WHAT NEEDS TO BE DONE:
Copy exactly the lines of the material below that fall between the line with "The Eurocap 4" and the line with "We're about 30", both of those lines included; pictures stay out.

[Opening RECORDED DATA section]

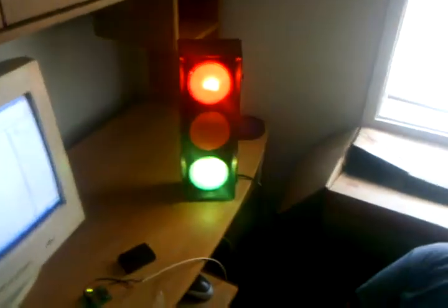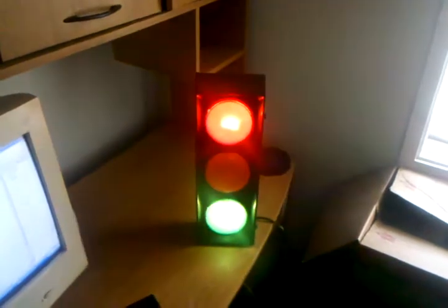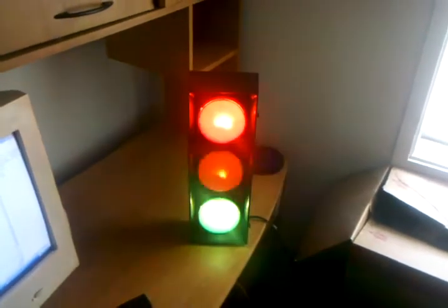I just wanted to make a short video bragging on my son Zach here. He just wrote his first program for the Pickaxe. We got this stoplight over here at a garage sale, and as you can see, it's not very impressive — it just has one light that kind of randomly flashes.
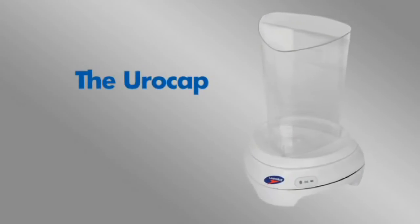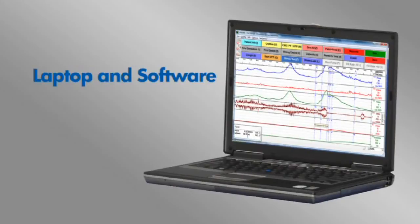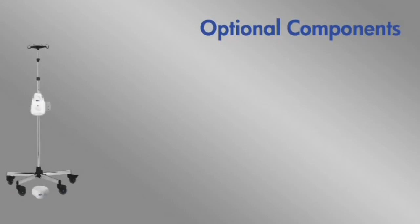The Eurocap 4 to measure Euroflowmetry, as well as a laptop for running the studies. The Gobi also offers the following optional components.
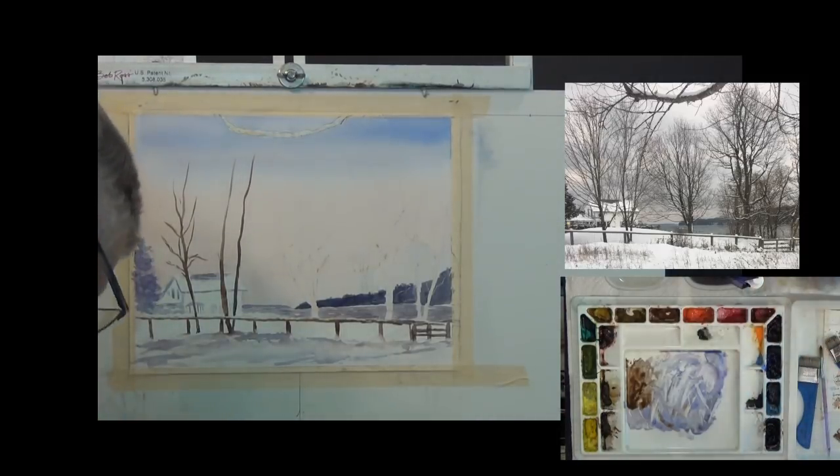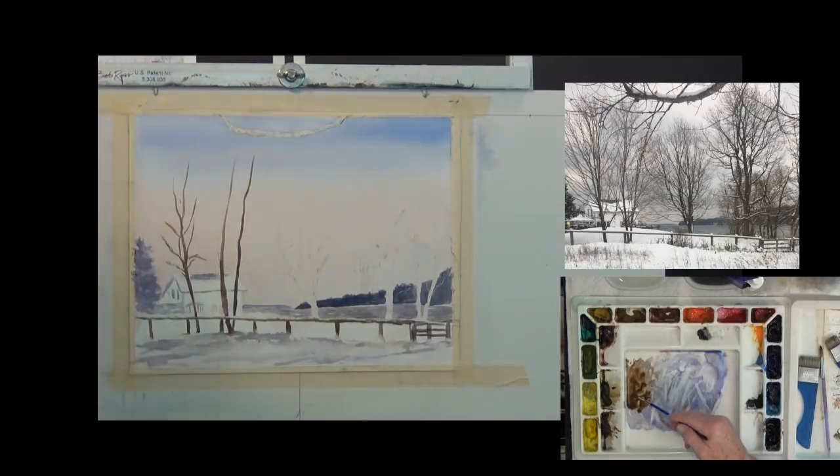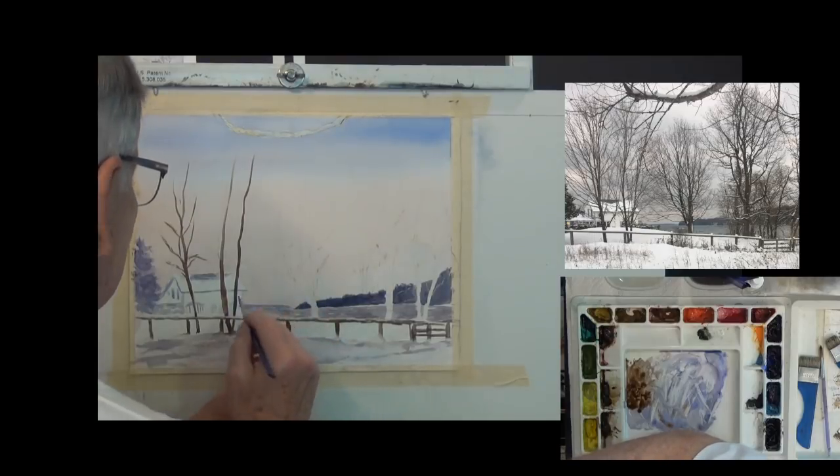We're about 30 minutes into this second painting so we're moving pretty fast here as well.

[Closing RECORDED DATA section]
[Opening RECORDED DATA section]

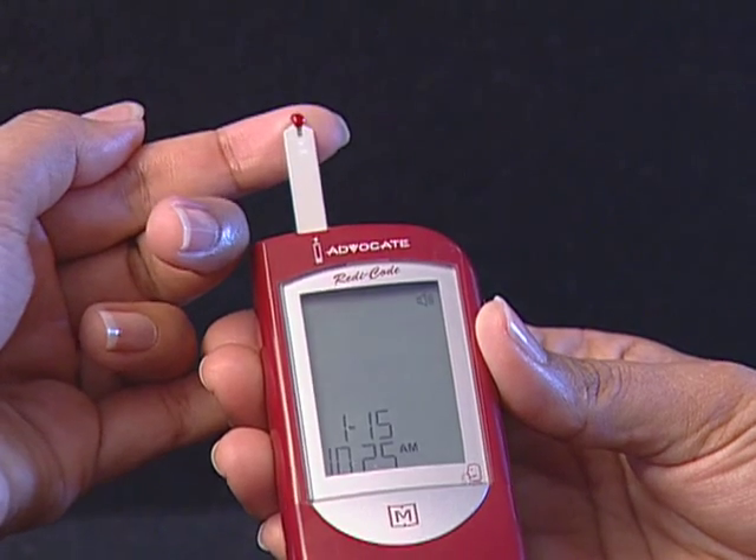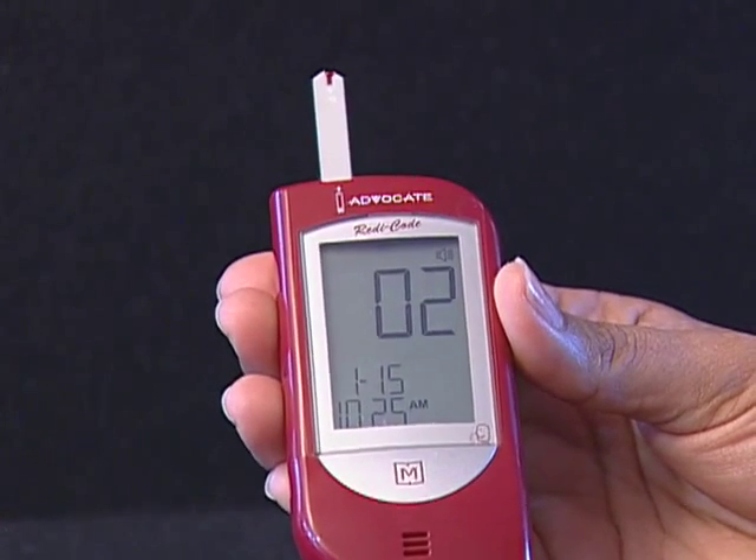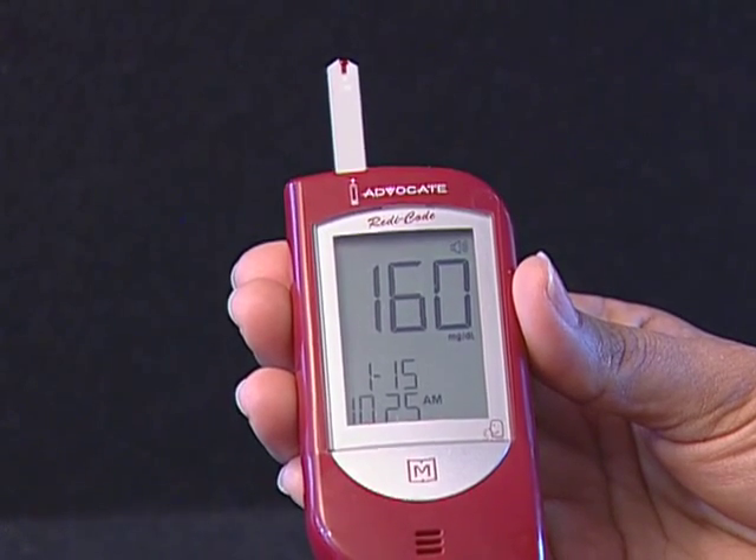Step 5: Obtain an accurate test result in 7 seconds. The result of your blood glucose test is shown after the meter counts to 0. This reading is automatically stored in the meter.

[Closing RECORDED DATA section]

EXERCISE RESULT:
The Eurocap 4 to measure Euroflowmetry, as well as a laptop for running the studies. The Gobi also offers the following optional components.
We're about 30 minutes into this second painting so we're moving pretty fast here as well.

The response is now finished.